The second featurette, On Location, is a shorter ordeal, but revisits the original locations and production memories. This is a “for fans only” kind of feature I’d say, really only interesting to those who love the mythology and real facts behind the magic of movie making, but as I said, it’s not terribly long, and interestingly informative at points, so I say it’s worth the quick watch.
After numerous Halloween re-issues and releases, one has to ask, what does this newest edition bring to the table? With a bolstered high definition quality approved by Dean Cundey, there’s a certain amount of draw right there, but for those already owning an older version, I wouldn’t say sell what you’ve got for the 35th Anniversary release. There are some cool tidbits for hardcore fans, but not enough to justify owning a third copy of Carpenter’s film.

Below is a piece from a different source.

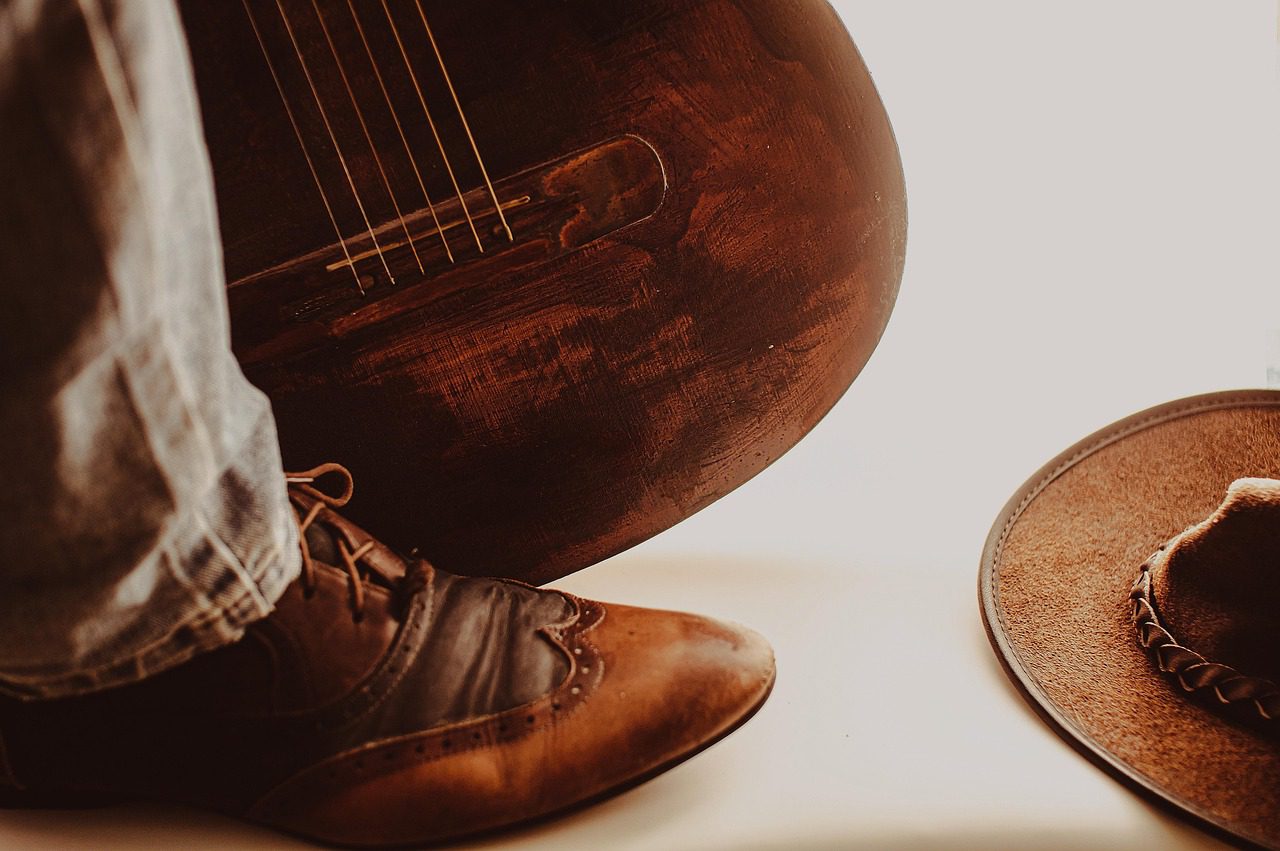 brown shoe on person's foot next to brown guitar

With that said, if Halloween hasn’t been added to your Blu-Ray collection yet, this 35th Anniversary Special Edition release holds the best bang for your buck. Sporting a sleek, cool, minimalistic case and beefed up visuals, it’s a quality watch for such an influential horror showstopper. I may not have been able to appreciate what Carpenter accomplished in my earlier years, but luckily this special edition granted me a chance to re-evaluate my opinion for the better.
John Carpenter achieves horror through simplicity in his indie-slasher smash hit Halloween, scaring audiences with technical prowess and proper filmmaking, building Myers' legend through camera angles and tension.